PROVIDENCE, R.I. — Catholic priests in Rhode Island preyed on hundreds of children for decades, and were protected by bishops more concerned with the church's reputation than the victims, according to a new report on clergy sexual abuse that echoes findings elsewhere.
The report, released Wednesday by Attorney General Peter Neronha, follows a multiyear investigation into the Catholic Diocese of Providence, Rhode Island.
Neronha said the full scope of the priest abuse problem in Rhode Island — the smallest U.S. state but the one with the highest Catholic population per capita, at nearly 40% — had long remained elusive.
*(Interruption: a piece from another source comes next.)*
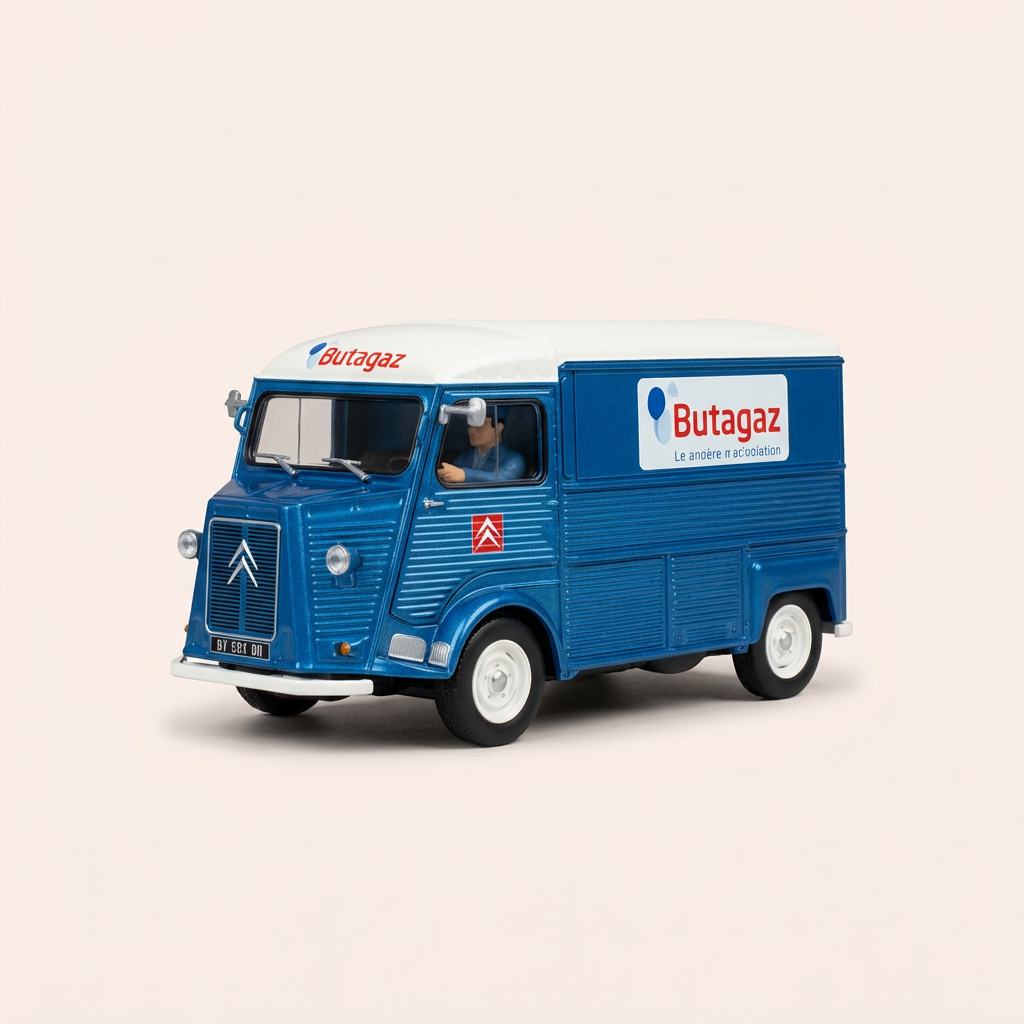 Citroën 2 CV AZU blau BUTAGAZ - Norev (Blister)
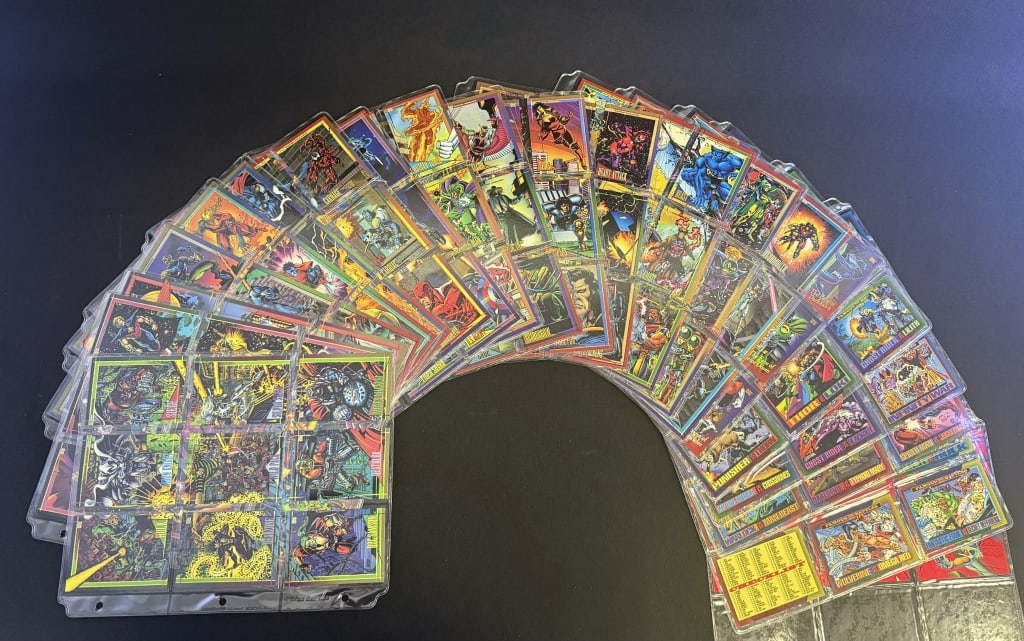 1993 Marvel Comics Trading Cards Near Complete Set 1-180 + 5 of the bonus cards. By Skybox. In (1 of 12)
He agreed with victims who say not enough has been done to address the problem long after it was exposed in the nearby Boston diocese in 2002.
“Not until now has there been a comprehensive review of this painful chapter in our state’s history, with a view toward offering transparency, accountability, and systemic reforms that will, I hope, lessen the likelihood of future child sexual abuse, not just within the Diocese of Providence, but in our community as a whole,” Neronha wrote in the report.
Neronha, who was raised Catholic, hopes the report will spur legal reforms to boost investigative powers and help victims seek justice.
The investigation found that 75 Catholic clergy molested more than 300 victims since 1950, but officials stressed that the number of victimized children and abusive priests is likely much higher.
The diocese, in response, acknowledged the scourge of child sexual abuse — especially by clergy — but said the report reflects the church’s willingness to share internal records under a 2019 agreement with the state.
“The report presents this 75-year history in ways that might lead the reader to conclude these issues are an ongoing diocesan problem or that these are new revelations. They are not,” the statement said.
3 priests charged in RI awaiting trial
Church records show the diocese transferred accused priests to new assignments without fully investigating complaints or contacting law enforcement, a practice exposed in investigations in Boston, Philadelphia and elsewhere.
And, as in other cities, the Diocese of Providence opened a “spiritual retreat-style facility” in the early 1950s for accused priests to seek treatment. Later, when the abuse was deemed a mental health problem, priests were sent to more formal treatment centers.
By the 1990s, accused priests were sometimes placed on sabbatical leave.
For example, a priest named Robert Carpentier resigned after a victim came forward in 1992 to say that he had been sexually abused as a 13-year-old victim in the 1970s. Carpentier acknowledged the abuse, was sent to a treatment center and later went on sabbatical at Boston College. He retired in 2006 and received support from the diocese until he died in 2012.
Most accused priests, the report found, avoided accountability from both law enforcement and the diocese.
Neronha's office has charged four current and former priests with sexual abuse for allegations stemming from 2020 to 2022. Three of them are still awaiting trial. The fourth priest died after being deemed incompetent to stand trial in 2022.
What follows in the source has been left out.